I was in a retail establishment, which must stay nameless, where I spied a rather crudely designed box of cigarettes selling for R10 for a box of twenties. That’s a big difference in price compared to my mother’s favourite puffs — which range from Kent to Pall Mall — that cost roughly four times that. This “price discovery” comes after, in a moment of morbid inquisitiveness, I did a rough calculation of what my mother’s long-held smoking habit had cost over five years. The number was alarmingly large and equal, I worked out, to about 165 BAT shares.

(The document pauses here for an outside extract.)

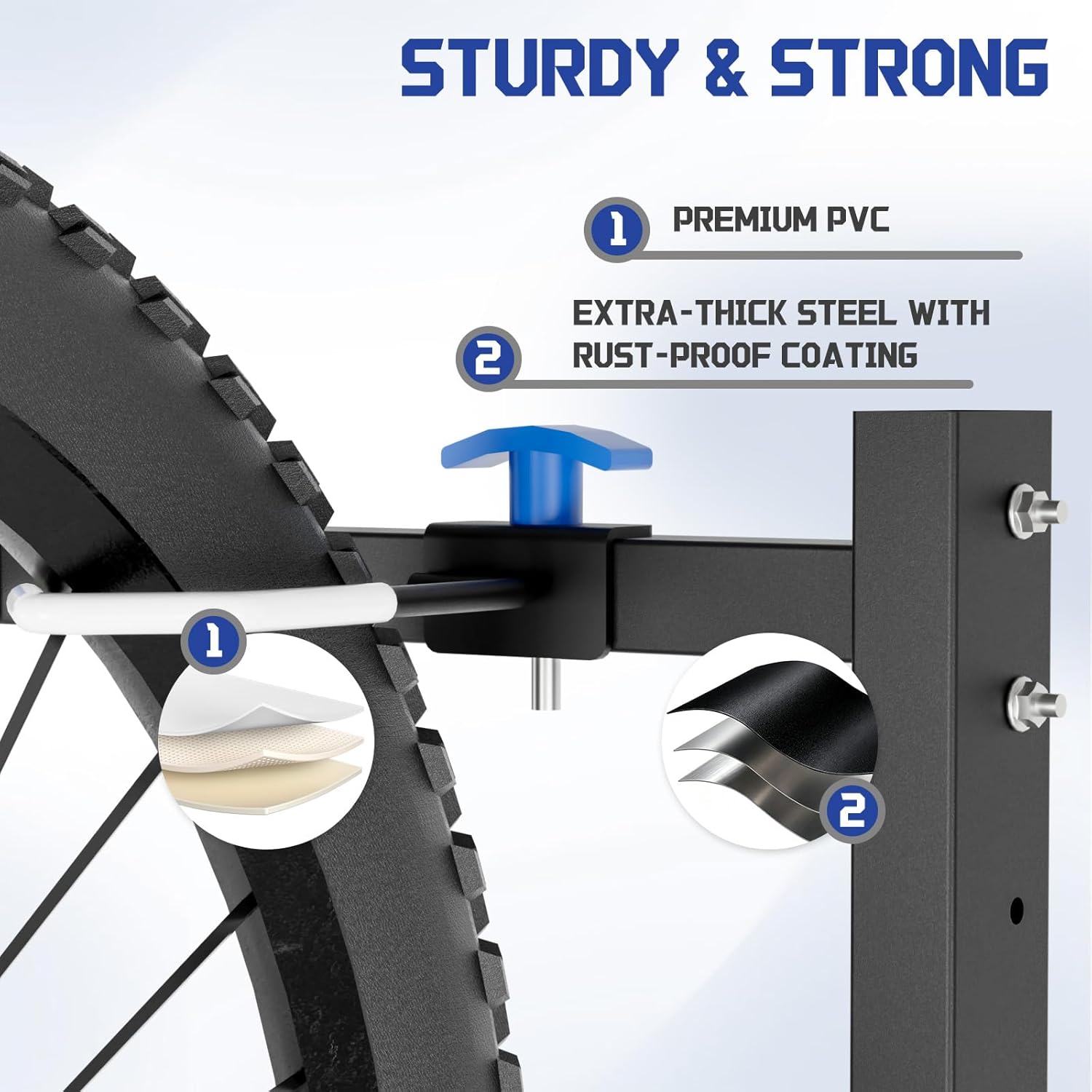 Freestanding Bike Rack with Caster Vertical Bike Storage Stand for Garage Indoor Bicycle Organizer Holds Up to 5 Bikes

The R10 packs, and that’s presuming the cigarettes are even smokable, would save about 75% of the current puff purchase cost. But — aside from helping the illicit tobacco trade — I would be stubbing, in some small way, my BAT holding. That said, I did hear in BAT chairman Luc Jobin’s AGM speech last week a reference to the perennial question: “Why don’t you just stop selling cigarettes?”

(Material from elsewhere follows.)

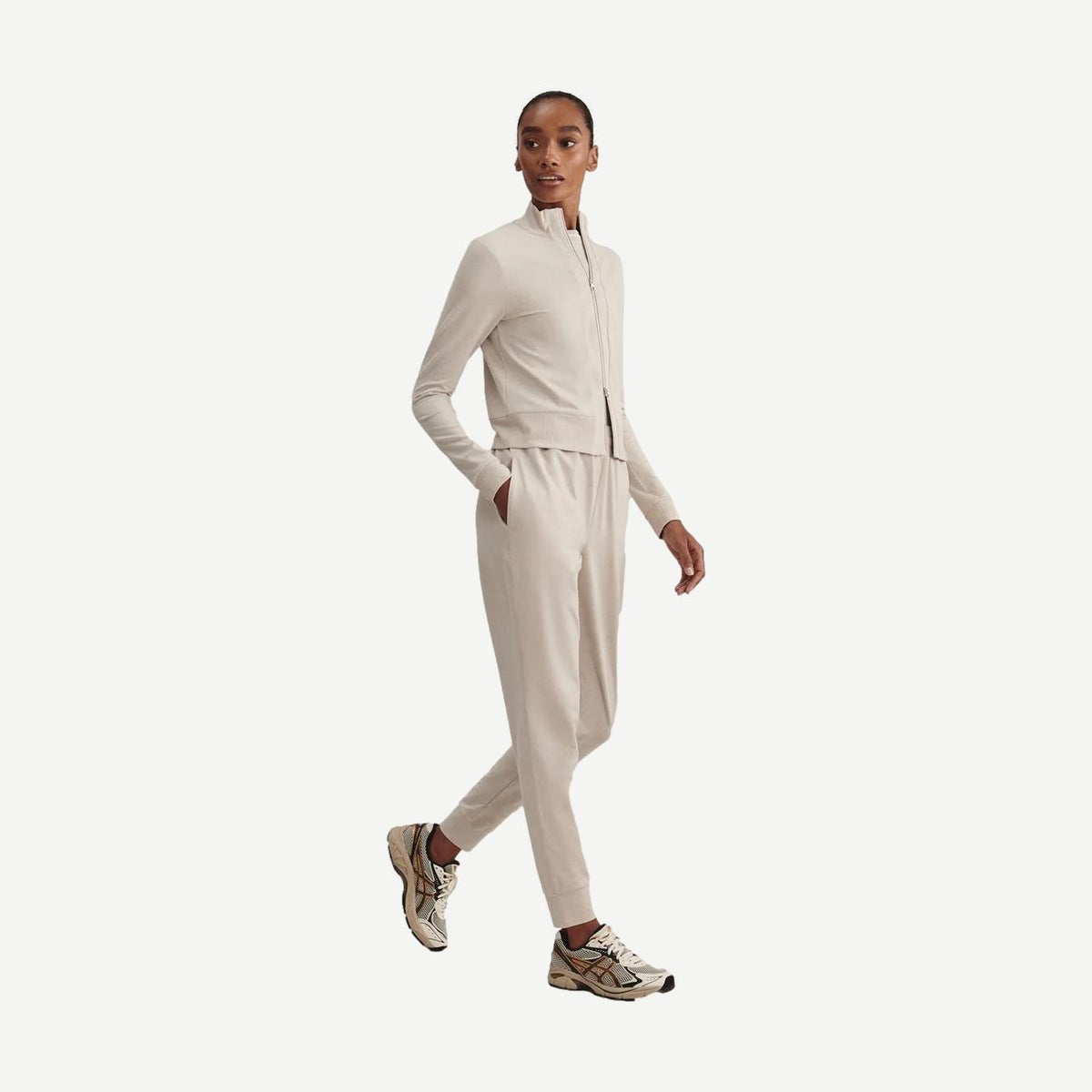 Rufus Cropped Zip Through - Pebble Marl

Of course, BAT has already made the hard yards in moving beyond cigarettes — or as the group euphemistically calls them, “combustibles” — covering vaping (Vuse), tobacco heating (glo) and modern oral (Velo). The general feeling is that BAT is still lagging its main rival Philip Morris in pitching healthier alternatives to the much-maligned cigarette — though BAT has started showing good traction in terms of market shares and shifting towards profitability in these new categories.
When I bought my mother a Vape, she tried it once and flung it dismissively across the room. Others, though, seem to make the shift quite easily. BAT generated more than £2bn in new category revenues in the past financial year, and I have not seen any official missive contradicting the claim that the group is still on track to meet a 2025 target of £5bn in new category revenues. As things stand, noncombustible products now account for 12% of BAT’s total revenue — markedly up from just 4% only five years ago. More specifically, in certain key markets, such as Japan, the UK and Sweden, most of BAT’s revenue is generated from noncombustible products. The longer-term overall target remains 50-million new category brand consumers by 2030, which sounds quite reasonable, with BAT’s consumer base for noncombustible products already in excess of 18-million.
Make no mistake, BAT will still need to push hard, with competition sharpening and new innovations always likely
Make no mistake, BAT will still need to push hard with competition sharpening and new innovations always likely. One thing in BAT’s favour is that the balance sheet — a little stretched after the RJ Reynolds acquisition — is looking more robust. BAT has pencilled in cumulative free cashflow of about £40bn (pre-dividends) over the next five years. That should provide some comfort to shareholders who might be fretting about it growing its quarterly dividends, buying back its own shares and signalling a willingness to make bolt-on acquisitions. Of course, events in Russia and Ukraine have dampened forecasts slightly, with BAT expecting full-year constant currency revenue growth of 2%-4% and mid-single-figure constant currency earnings growth. That’s solid stuff, and perhaps a suitable antidote for those punters determined to mess around in the volatility of Naspers and Prosus.
A little less reassuring, however, is a reverse listing deal being concocted at Mantengu Mining (previously Mine Restoration Investments). Mantengu is suspended on the JSE, but is looking to buy chrome ore miner Langpan for R550m in a related party paper deal that proposes issuing 137.5-billion new shares in settlement.
This is a huge deal for Mantengu, which had a market value of just R25m when it was suspended. According to the latest announcement Langpan has a mineral reserve of 2.17Mt of chrome (including platinum group metals) with a valuation of R851m. That, of course, needs to be taken out of the ground. More significant then might be the fact that the audited net asset value of Langpan for the year ended February 28 2021 was R37.4m, and that a loss of R4.4m was recorded over the same period. Mantengu’s figures show an NAV of just under R36m for the six months ended August 2021, and a loss of R6m.
Let’s see what the market thinks of the R550m price tag when Mantengu’s listing resumes.